Further, the number of total losses declined by 4 percent to 94 last year, the second lowest number in a decade.
“Insurance claims have been relatively benign, reflecting improved ship design and the positive effects of risk management policy and safety regulation over time,” says Baptiste Ossena, Global Product Leader Hull & Marine Liabilities, AGCS.
Sinking was the most common cause of the loss of a vessel, with 61 foundering events recorded for 2017. Wrecked or stranded vessels were the second major cause, followed by machinery damage or failure, shows the report.

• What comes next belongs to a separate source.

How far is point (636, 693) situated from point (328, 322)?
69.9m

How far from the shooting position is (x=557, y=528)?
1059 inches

“However, as the use of new technologies on board vessels grows, we expect to see changes in the maritime loss environment in future. The number of more technical claims will grow – such as cyber incidents or technological defects – in addition to traditional losses, such as collisions or groundings,” Ossena says.
Over decades, the Bermuda Triangle, a loosely-defined patch in the North Atlantic Ocean, has mysteriously swallowed up hundreds of ships and even planes.

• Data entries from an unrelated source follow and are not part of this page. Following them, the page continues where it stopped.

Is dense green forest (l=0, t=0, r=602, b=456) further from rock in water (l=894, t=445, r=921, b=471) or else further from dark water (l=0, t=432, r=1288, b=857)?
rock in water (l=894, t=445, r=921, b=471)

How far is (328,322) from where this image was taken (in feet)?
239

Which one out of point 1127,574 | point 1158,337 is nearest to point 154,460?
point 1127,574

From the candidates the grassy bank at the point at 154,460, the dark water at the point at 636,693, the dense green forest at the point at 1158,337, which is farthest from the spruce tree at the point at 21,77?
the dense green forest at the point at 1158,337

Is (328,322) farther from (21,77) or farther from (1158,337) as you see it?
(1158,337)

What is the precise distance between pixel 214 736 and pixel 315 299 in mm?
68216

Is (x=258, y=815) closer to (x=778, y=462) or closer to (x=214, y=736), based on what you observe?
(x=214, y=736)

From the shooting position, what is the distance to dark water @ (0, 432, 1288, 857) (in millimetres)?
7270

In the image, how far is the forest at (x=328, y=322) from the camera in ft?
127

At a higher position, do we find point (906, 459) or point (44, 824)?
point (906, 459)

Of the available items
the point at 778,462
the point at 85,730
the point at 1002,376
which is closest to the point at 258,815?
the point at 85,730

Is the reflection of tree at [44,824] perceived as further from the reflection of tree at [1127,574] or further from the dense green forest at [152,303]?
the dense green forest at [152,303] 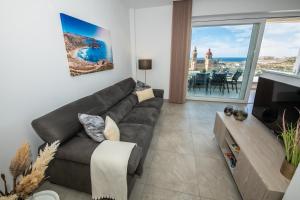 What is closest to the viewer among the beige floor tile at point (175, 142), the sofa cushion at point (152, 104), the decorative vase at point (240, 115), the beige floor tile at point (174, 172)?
the beige floor tile at point (174, 172)

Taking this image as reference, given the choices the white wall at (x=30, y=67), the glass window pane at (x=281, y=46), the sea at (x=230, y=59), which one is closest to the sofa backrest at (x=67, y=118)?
the white wall at (x=30, y=67)

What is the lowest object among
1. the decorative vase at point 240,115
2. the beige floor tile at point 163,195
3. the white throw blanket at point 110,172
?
the beige floor tile at point 163,195

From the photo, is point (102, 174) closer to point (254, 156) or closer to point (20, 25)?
point (254, 156)

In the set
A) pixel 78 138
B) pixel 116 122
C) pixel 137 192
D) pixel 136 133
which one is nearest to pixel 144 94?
pixel 116 122

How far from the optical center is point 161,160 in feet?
6.35

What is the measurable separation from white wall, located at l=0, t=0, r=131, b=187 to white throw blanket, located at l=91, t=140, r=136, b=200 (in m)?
0.87

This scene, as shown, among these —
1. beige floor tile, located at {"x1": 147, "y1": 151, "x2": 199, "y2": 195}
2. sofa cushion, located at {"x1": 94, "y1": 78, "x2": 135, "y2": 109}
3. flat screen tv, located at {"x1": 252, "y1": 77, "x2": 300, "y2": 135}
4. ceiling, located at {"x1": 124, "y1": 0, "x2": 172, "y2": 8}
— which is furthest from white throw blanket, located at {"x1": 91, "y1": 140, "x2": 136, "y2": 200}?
ceiling, located at {"x1": 124, "y1": 0, "x2": 172, "y2": 8}

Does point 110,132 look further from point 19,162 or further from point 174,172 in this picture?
point 174,172

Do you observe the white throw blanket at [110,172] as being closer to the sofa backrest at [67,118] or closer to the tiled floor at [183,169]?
the tiled floor at [183,169]

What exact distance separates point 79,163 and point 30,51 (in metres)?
1.27

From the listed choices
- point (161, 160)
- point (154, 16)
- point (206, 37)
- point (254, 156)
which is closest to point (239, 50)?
point (206, 37)

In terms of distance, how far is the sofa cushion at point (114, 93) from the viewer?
2191 millimetres

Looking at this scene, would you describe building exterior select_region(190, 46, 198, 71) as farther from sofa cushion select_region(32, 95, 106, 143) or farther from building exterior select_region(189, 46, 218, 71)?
sofa cushion select_region(32, 95, 106, 143)

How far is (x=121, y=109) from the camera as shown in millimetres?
2326
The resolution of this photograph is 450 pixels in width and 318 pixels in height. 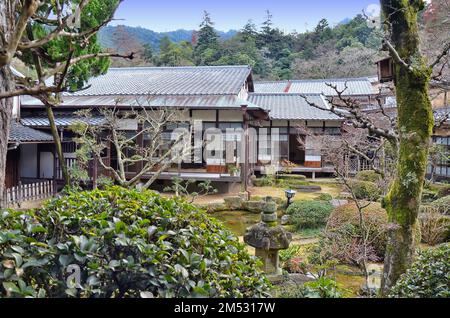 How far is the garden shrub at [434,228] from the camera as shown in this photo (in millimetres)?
8797

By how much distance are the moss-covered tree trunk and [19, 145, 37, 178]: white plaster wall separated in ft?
44.8

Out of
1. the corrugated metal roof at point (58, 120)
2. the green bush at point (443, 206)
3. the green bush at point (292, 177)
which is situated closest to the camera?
the green bush at point (443, 206)

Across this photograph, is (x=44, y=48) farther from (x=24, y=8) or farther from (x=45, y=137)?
(x=45, y=137)

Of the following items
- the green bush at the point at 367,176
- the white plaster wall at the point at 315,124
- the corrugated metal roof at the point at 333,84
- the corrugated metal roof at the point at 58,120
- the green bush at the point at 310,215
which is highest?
the corrugated metal roof at the point at 333,84

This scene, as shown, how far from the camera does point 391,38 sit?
177 inches

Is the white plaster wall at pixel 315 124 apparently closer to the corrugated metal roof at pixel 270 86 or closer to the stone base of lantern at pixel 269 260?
the corrugated metal roof at pixel 270 86

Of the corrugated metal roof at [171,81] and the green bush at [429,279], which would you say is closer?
the green bush at [429,279]

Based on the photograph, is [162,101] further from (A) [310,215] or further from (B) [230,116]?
(A) [310,215]

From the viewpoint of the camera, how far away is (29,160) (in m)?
14.4

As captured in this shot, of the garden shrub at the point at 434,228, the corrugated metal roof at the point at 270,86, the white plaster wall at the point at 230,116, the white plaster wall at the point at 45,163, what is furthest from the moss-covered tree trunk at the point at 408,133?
the corrugated metal roof at the point at 270,86

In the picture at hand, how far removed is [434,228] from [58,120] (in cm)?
1297

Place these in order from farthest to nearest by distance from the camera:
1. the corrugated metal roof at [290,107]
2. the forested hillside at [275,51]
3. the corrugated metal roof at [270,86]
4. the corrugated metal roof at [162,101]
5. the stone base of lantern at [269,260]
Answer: the corrugated metal roof at [270,86] → the forested hillside at [275,51] → the corrugated metal roof at [290,107] → the corrugated metal roof at [162,101] → the stone base of lantern at [269,260]

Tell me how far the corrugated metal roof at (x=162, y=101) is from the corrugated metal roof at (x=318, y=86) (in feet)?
46.3

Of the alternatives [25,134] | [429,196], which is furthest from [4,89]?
[429,196]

Now, Asia seems to have its own version of the Bermuda Triangle, according to some media commentators.
Nearly a third of the worldwide shipping losses reported for 2017 were in the South China, Indochina, Indonesia and Philippines maritime region, according to the AGCS report.
Not that there was anything mysterious about this 25 percent annual rise in shipping losses in Asia. Busy seas, lower safety standards on some domestic routes and Typhoon Damrey in November 2017 were clearly to blame.